▶ Instructions to follow
Begin at the line where "Blk 15 Hougang" appears and reproduce exactly every line through the end of the data below, both included, skipping pictures.
**** Given information
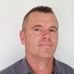 Profile Picture of Patrick Hoffler (@patrick.hoffler31) on Facebook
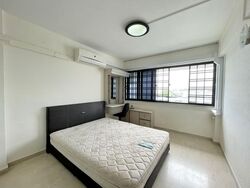 Blk 15 Hougang View (Hougang), HDB 4 Rooms #613140481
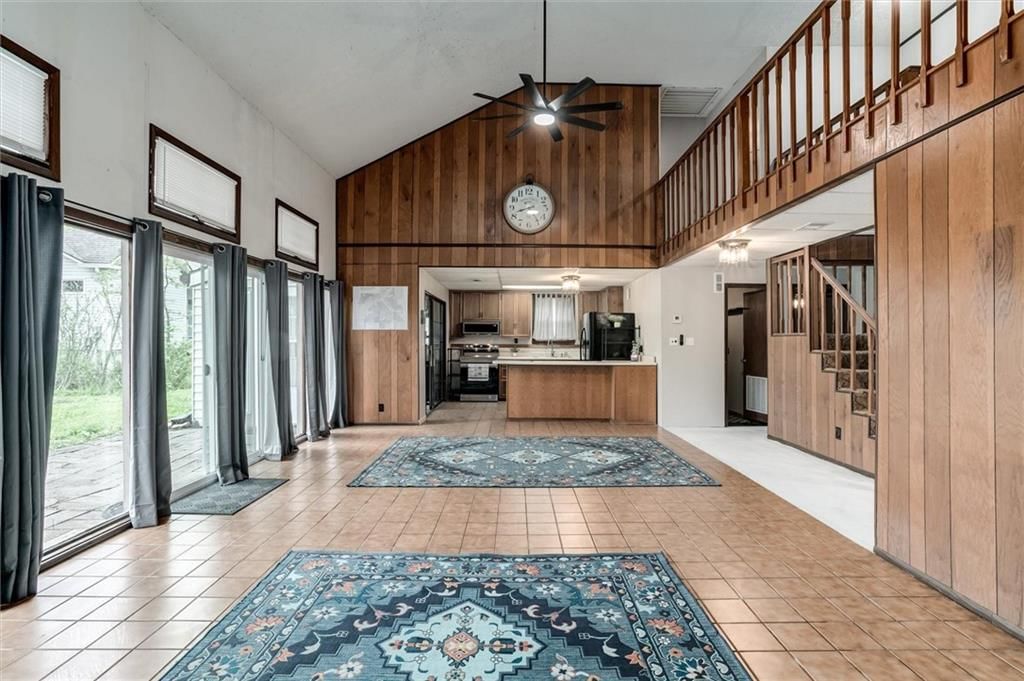 134 Timber Valley Drive — photo 5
********
▶ Reply to the task
 Blk 15 Hougang View (Hougang), HDB 4 Rooms #613140481
 134 Timber Valley Drive — photo 5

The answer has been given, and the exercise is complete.